Deputy President Rigathi Gachagua has now trained his guns on the national carrier, Kenya Airways (KQ) in his continuing “state capture” narrative, but his latest sentiments seem to have rattled KQ’s chairman Michael Joseph.
In his latest attempt to pinpoint what he claims is ailing the country’s economy, the deputy president said that the reason behind KQ’s series of loss-making was terrible contracts that they had allegedly entered into to benefit a few individuals in what he termed as State capture.
The DP noted, “We have had discussions with Kenya Airways and they have the highest fares on the continent and their planes are always full but they make losses. We are trying to deal with that State Capture so that we can bring down the cost of the operations of the airline so that they can make profits.”

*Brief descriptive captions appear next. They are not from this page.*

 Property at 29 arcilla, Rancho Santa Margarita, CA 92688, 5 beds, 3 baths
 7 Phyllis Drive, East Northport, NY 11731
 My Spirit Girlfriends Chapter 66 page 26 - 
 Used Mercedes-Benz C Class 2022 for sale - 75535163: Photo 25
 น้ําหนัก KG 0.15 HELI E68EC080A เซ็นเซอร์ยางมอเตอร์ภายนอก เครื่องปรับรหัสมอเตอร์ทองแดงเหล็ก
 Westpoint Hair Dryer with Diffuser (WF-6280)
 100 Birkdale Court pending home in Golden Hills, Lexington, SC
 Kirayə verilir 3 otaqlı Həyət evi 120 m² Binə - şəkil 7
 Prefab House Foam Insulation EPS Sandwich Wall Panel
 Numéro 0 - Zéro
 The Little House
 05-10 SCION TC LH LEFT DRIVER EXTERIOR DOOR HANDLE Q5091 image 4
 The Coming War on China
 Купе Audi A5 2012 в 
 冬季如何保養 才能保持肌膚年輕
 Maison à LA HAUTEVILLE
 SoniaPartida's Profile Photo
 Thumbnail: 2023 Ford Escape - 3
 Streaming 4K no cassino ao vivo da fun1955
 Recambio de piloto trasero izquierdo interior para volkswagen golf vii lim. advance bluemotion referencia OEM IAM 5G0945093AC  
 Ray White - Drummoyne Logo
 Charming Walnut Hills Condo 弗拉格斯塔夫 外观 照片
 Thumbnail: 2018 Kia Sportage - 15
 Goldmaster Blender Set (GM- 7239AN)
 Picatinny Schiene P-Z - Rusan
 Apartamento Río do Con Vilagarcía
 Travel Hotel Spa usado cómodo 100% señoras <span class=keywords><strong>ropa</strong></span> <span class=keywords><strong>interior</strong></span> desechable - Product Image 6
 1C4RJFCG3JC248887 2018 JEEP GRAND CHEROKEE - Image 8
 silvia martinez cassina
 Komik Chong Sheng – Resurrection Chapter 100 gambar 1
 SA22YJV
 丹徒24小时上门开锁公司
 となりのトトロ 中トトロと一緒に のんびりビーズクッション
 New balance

His sentiments have surely rubbed KQ chairman Michael Joseph the wrong way, who has rubbished the DP’s claims noting that the contracts by the airline are purely commercial business arrangements that seek to benefit the airline. Michael Joseph outlined in his statement the number of planes operated by KQ under two different operational models, they include Long-term Leases with an option to purchase the aircraft at the end of the agreement and Operating Leases, where the lessor and lessee agree on regular payments over a set period.
Michael Joseph becomes the third senior person to openly differ with DP Gachagua following similar responses by Treasury Cabinet Secretary Ukur Yatani, and barely a few days ago, the Central Bank.
It is not clear if the Deputy President’s recent utterances which many have termed reckless represent the government’s position, or are simply his pronouncements. Either way, communication experts have now advised that the Deputy President should get a serious communication person to handle his media appearances to avoid further instances that can only be described as gaffes.